I’ve read all four of Donna Gephart’s books and loved them all. Which meant when her latest book landed on the book shelf I had to read it. Lily and Dunkin is a middle grade book centered around being transgender and bipolar disorder.
For me, middle grade was horrible (and I was dealing with neither of the above mentioned)! Flat out worst time of my life. My friends from elementary school were starting to smoke and we went in different directions leaving me alone in a big scary building. I was in search of a female role model (my mom had passed at this point and I didn’t have a relationship with my step-mom) and located one. Her name was Sarah, and she was great at everything and pretty too. She played every sport the school offered! And she was nice enough to befriend me before she went off to high school. Yet, because of me looking up to her I got called a lesbian more times than I could count. I would sit outside Mrs. Adam’s classroom door and cry at least once a week. I had boyfriends non-stop and so if I said “I’m not a lesbian I have a boyfriend” then they would call me bi-sexual. I started spending a lot of time napping in the nurses office with a “stomach ache.”

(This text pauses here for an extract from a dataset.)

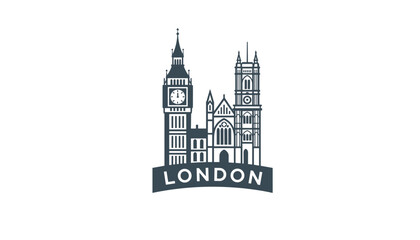 Fototapeta premium Dark grey landmark silhouette of Big Ben and Westminster Abbey with London text banner at the bottom on white background.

I loved the private thoughts of Lily and Dunkin that covered the first several chapters. Even as adults we have these conversations with ourselves about other people, when we don’t know what others are thinking, we assume. Gephart showcases this brilliantly. (I will say I saw cheering for Bob more than anything).
When I first heard the summary of this book I was a bit surprised. While I know children at this reading age group have these experiences, I was thinking more like “the publishing company didn’t say no?”
Gephart has courage, her agent, editors and publisher have courage. As an author I have thought about topics to write about that would spark both sides. I didn’t know if I would have the courage to put something out there and “see”, maybe now, I might.